DATASET RECORDS —
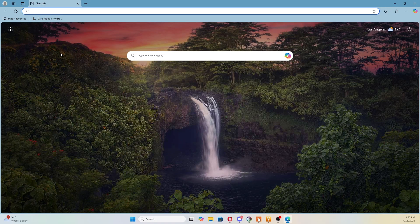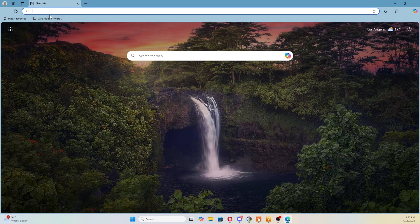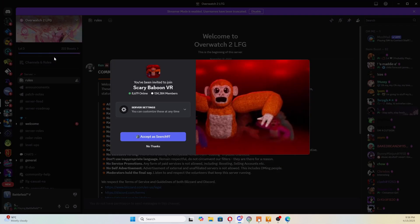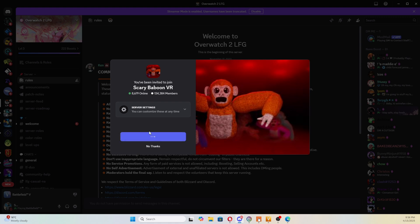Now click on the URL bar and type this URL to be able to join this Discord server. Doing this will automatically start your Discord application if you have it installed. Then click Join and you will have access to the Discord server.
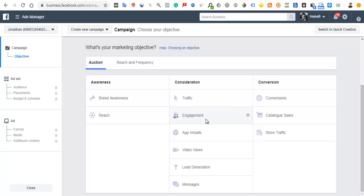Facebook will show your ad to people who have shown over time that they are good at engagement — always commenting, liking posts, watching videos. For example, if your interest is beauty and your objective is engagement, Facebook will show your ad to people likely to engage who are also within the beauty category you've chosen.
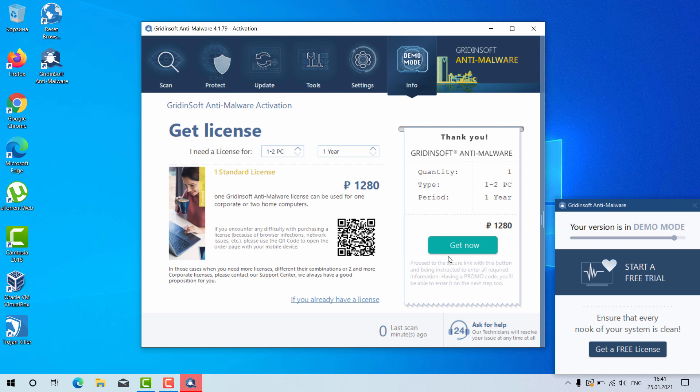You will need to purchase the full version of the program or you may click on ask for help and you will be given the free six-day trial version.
---
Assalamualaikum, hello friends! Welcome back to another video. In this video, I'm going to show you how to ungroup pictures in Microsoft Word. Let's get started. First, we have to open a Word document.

EXERCISE PROMPT — Copy word for word only the lines above from the one with "Now click on" through the one with "You will need". Leave pictures out.

SOLUTION TO THIS EXERCISE —
Now click on the URL bar and type this URL to be able to join this Discord server. Doing this will automatically start your Discord application if you have it installed. Then click Join and you will have access to the Discord server.
Facebook will show your ad to people who have shown over time that they are good at engagement — always commenting, liking posts, watching videos. For example, if your interest is beauty and your objective is engagement, Facebook will show your ad to people likely to engage who are also within the beauty category you've chosen.
You will need to purchase the full version of the program or you may click on ask for help and you will be given the free six-day trial version.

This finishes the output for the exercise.